Similarly, many of the progress reports we are going to read this week about the education sector are likely to enumerate the number of classroom blocks built, the thousands of furniture pieces procured, maybe the number of teachers employed and the millions of naira spent on laboratory chemicals, textbooks and school equipment. This is also a good progress report but it is not a situation report because it will never mention that many classrooms are still overcrowded, or that many pupils still sit on the floor, or that many pupils run round for hours because there is no teacher to teach them. Or perhaps there is a teacher, but he is not qualified to teach because he did not pass his own Grade II or NCE examinations. Or maybe he is qualified to teach, but does not do so because he is poorly motivated and the old arrangement of the much-feared Visiting School Inspector no longer exists today.

One of the most misleading elements in progress reports is that government officials put too much emphasis on amount of money spent. A report will state, for example, that so many billions were pumped into health care, on scholarships, on school feeding programs, on infrastructure etc but all that is nearly meaningless given the level of waste and corruption in our government agencies. One of the most discredited government programs in modern times are poverty alleviation schemes. They are often so opaque and so disorganised that officials in charge greatly enrich themselves, instead of alleviating poverty. It is apparently a world-wide problem; the right-wing American writer George F. Will once wrote in Newsweek magazine that “if all the money voted by New York City for anti-poverty programs actually went to the poor, they will be rich by now.”

Hehe! If all the money voted by our governments at all levels for fertiliser subsidy, tractors hiring schemes, provision of improved seeds, irrigation schemes, mass housing schemes, poverty alleviation, skills acquisition, Anchor Borrowers, transport subsidy, rural water and electrification schemes, decongestion of ports, revival of railways, new national carrier, mass literacy, hajj subsidy, Ramadan feeding, school feeding, clean-up of oil spills, mass vaccination, erosion control, National Identity Card and public enlightenment programs to mention but a few, had been properly channelled in the last five decades, governments would be happy by now to provide Situation Reports instead of misleading and half-truth Progress Reports.

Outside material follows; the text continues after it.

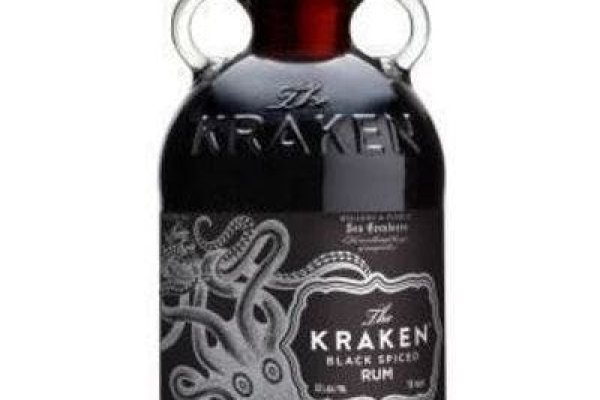 Kraken 12 att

Since what all the governments will be publishing are Progress Reports, we must leave it to Civil Society Organisations, trade unions, the mass media and opposition political parties, where they exist, to fill the gaps with Situation Reports. If a state governor says he has built 5,000 classrooms for example, remind him that 40% of school age children in his state are still out of school. If CBN says the naira is the best performing currency because it rebounded from 1900 to the dollar to 1200, a CSO should remind it that it leapt from 750 this time last year. If the Minister of Women Affairs says she successfully went to court and stopped a mass wedding of allegedly underaged girls in Niger, an NGO should remind her of the number of out-of-wedlock partnerships and births that took place in Nigeria this month alone.